THE REQUEST for a pardon for deserters from the Irish Army during the second World War implies a legal acceptance of guilt, but, as Peter Mulvany points out (Letters, June 28th), individuals deserve to be heard. Once during my Army service, when acting as the quaintly titled “Soldier’s Friend” (an officer chosen by a soldier to defend him), I succeeded in reducing a charge of desertion to one of AWOL (absent without leave) by putting the case, with confidential help from the Garda and the Society of St Vincent de Paul, of his family circumstances. However, that was in peacetime.
During the second World War there was a big difference between deserting when we were under imminent threat of a German invasion, and leaving to fight against Nazi tyranny when the war had moved away from us. We had no doubt on which side we were, with British officers observing military exercises.
For those who were punished for fighting with the British army, the sad aspect of it was that the Irish regiments share our military tradition.

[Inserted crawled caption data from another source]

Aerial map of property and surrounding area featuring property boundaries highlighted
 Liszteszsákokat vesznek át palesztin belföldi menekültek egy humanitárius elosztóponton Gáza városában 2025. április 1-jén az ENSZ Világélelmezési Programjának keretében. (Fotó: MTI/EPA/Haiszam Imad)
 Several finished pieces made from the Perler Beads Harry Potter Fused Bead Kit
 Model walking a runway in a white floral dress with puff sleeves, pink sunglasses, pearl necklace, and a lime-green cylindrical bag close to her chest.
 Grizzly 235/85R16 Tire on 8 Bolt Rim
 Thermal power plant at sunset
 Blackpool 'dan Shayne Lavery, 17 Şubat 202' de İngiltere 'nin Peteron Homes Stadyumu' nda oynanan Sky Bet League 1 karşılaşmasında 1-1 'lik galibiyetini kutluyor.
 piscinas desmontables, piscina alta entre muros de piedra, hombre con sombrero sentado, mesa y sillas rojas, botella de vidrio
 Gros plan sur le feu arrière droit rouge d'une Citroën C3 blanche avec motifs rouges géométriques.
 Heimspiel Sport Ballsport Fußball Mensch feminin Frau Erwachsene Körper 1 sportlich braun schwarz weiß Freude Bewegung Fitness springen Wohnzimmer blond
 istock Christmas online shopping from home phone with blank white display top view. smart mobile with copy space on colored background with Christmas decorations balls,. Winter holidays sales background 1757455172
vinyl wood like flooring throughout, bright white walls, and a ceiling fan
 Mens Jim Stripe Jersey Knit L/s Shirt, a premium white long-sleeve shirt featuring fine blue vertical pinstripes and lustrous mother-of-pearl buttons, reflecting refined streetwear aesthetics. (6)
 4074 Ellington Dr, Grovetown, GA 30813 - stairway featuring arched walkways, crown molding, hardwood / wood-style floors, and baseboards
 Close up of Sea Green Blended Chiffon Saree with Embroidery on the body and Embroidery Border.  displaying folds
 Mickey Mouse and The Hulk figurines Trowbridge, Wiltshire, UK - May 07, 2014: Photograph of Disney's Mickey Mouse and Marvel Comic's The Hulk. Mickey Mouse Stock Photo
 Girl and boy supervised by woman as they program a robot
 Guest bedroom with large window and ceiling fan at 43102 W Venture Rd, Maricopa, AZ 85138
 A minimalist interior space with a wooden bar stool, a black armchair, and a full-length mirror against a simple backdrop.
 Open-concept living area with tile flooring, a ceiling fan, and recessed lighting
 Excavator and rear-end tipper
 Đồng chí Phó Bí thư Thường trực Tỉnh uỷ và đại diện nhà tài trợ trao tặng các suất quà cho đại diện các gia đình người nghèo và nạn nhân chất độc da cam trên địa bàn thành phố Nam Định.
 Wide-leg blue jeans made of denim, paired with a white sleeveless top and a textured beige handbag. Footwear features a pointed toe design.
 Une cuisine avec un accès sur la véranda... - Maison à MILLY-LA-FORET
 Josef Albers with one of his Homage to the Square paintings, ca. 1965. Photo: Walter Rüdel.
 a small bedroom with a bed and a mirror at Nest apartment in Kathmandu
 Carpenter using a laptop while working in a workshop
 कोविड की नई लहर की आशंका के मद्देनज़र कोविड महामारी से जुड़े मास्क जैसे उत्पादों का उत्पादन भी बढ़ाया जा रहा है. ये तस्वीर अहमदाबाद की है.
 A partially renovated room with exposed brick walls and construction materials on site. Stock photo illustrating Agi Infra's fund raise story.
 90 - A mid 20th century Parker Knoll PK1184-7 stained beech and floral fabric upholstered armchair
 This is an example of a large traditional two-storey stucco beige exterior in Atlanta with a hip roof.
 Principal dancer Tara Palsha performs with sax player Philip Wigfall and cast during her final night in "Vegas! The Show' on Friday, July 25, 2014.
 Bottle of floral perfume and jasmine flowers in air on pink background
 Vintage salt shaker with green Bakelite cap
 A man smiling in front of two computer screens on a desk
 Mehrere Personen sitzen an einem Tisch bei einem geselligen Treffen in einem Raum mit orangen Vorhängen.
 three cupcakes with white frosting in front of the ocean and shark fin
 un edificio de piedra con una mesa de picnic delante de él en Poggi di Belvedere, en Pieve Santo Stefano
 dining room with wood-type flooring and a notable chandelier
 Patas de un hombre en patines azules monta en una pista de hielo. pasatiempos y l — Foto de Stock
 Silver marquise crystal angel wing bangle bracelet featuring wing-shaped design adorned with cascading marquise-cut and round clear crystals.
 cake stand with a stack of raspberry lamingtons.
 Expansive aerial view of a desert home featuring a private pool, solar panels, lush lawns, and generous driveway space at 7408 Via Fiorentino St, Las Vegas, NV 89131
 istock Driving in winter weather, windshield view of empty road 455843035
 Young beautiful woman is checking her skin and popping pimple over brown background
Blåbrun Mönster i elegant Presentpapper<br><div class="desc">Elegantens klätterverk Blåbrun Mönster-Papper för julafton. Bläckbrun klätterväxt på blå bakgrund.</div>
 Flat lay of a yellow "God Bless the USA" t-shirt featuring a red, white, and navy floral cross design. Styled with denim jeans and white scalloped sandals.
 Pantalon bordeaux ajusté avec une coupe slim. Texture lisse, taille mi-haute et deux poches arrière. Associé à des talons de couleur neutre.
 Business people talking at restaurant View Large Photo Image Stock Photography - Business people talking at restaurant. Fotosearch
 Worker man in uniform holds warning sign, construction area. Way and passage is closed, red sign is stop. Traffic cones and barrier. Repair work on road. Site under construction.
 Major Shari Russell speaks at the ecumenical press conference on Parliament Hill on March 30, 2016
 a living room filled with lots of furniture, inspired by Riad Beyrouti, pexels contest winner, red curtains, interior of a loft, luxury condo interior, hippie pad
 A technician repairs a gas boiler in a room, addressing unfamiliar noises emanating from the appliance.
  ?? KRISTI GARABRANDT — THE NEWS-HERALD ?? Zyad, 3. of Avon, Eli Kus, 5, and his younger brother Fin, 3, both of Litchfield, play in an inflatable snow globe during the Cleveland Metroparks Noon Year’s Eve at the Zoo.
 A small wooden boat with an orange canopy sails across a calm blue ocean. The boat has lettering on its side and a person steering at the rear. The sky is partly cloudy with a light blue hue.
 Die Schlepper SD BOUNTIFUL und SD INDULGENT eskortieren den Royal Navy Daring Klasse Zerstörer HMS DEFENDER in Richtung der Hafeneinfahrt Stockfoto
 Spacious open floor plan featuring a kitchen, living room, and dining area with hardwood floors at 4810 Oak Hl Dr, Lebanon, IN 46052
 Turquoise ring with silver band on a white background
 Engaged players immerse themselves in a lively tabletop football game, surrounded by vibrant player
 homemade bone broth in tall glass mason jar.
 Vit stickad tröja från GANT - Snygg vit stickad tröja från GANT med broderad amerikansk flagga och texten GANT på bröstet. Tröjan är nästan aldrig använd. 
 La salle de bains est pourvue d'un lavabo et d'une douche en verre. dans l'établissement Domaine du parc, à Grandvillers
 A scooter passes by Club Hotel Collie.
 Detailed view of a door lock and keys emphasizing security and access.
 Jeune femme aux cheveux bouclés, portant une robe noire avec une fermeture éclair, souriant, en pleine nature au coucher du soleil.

As we were informed at a Military History Society lecture, the 38th (Irish) Infantry Brigade of the British army in the battle for Monte Casino in the second World War had as its motto " Ubique et semper fidelis" taken from the Irish Brigade in the service of France.
The Irish soldiers in the British army were recognised as being Irish by friends and enemies. John Devoy in his Recollections of an Irish Rebel recalls “bloody fights between Irish and English regiments”. Kipling on the Irish Guards, in which his son served and died, wrote: “And the Irish move to the sound of the guns, like salmon to the sea”.
Who owns a military tradition? Can it only belong to a separate state or is it owned by a people, regardless of how they are politically organised? Bartlett and Jeffery, in A Military History of Ireland,wrote that "with statehood North and South the Irish military tradition has largely retreated from public view". In fact, we have only one military tradition embellished by Irishmen, Catholics and Protestants, Nationalists and Unionists, down the centuries.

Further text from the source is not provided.